– Par un conseil?
– Par ce que tu voudras.
– Il n’est pas temps encore.
– Décidément, tu fais le plaisant.
– Plût à Dieu!… Si je faisais le plaisant, c’est que la circonstance serait plaisante… et malheureusement, elle ne l’est pas.
– Qu’est-ce que cette défaite: il n’est pas temps?
– Non, monseigneur, il n’est pas temps.
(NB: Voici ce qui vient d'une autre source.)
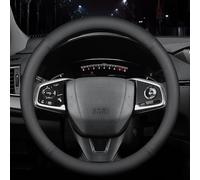 Nappa Leather Slim and Stylish Steering Wheel Cover, for Ford Accessories Interior Modification, Black Protect the steering wheel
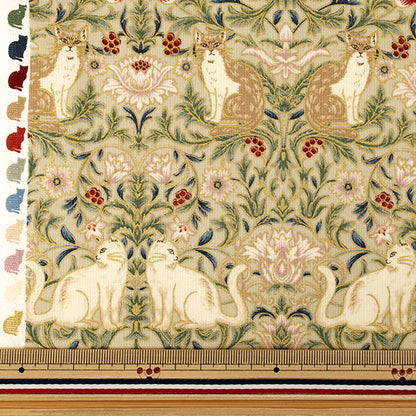 [Quantity from 5] Fabric "Sheeting UN/NO Twilight Moon Ivory NN2339-11A”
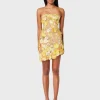 Elliatt New Age Dress - YellowMulti< Mini Dresses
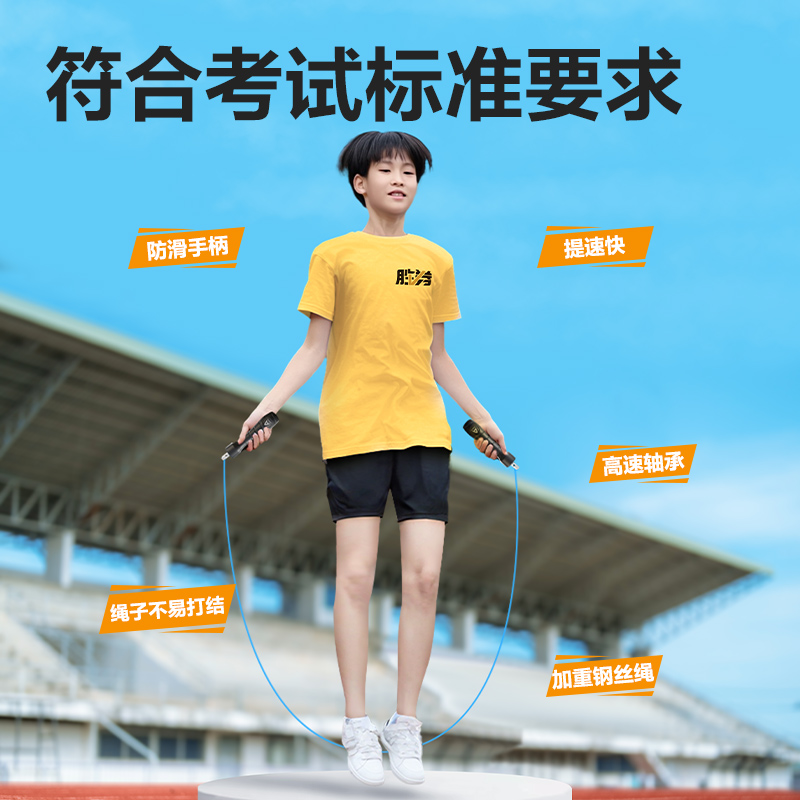 安格耐特FT138-L中考訓(xùn)練系列軸承手柄鋼絲跳繩(藍(lán))(根)
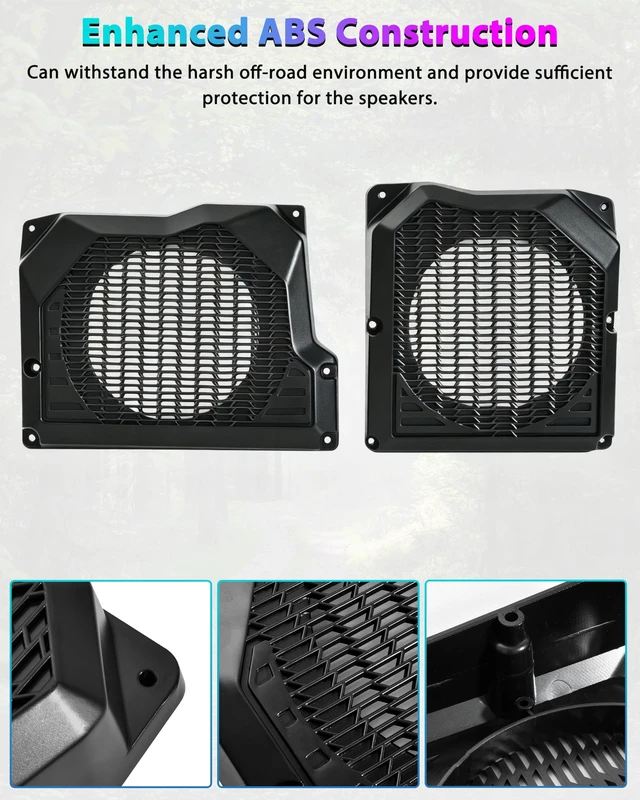 Alt view image 5 of 5 - POKIAUTO 6.5" Under Dash Speaker Pods for 2026 Polaris Ranger 500, Pair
Si la notification de l’arrêté du roi était parvenue à Paris, je ne dis pas… Voulez-vous que nous expédiions un courrier à M. le président d’Aligre?
– Pour qu’on se moque plus tôt de nous!…
– Quel amour-propre ridicule, monsieur le maréchal! vous feriez perdre la tête à un saint… Tenez laissez-moi finir mon plan de descente en Angleterre, et achevez de vous noyer dans votre intrigue de portefeuille, puisque la besogne est à moitié faite.
Le maréchal connaissait les humeurs noires de M. Rafté; il savait qu’une fois sa mélancolie déclarée, le secrétaire n’était plus bon à toucher avec des pincettes.
– Voyons, ne me boude pas, dit-il, et, si je ne comprends pas, fais-moi comprendre.
– Alors, monseigneur veut que je lui trace un plan de conduite?
– Certainement, puisque tu prétends que je ne sais pas me conduire moi même.
– Eh bien, soit! écoutez donc.
– J’écoute.
– Vous enverrez à M. d’Aligre, dit Rafté d’un ton bourru, la lettre de M. d’Aiguillon, vous y joindrez l’arrêté pris par le roi en son conseil. Vous attendrez que le parlement se soit assemblé là-dessus et en ait délibéré, ce qui arrivera immédiatement; ensuite de quoi, vous monterez en carrosse et irez rendre une petite visite à votre procureur, maître Flageot.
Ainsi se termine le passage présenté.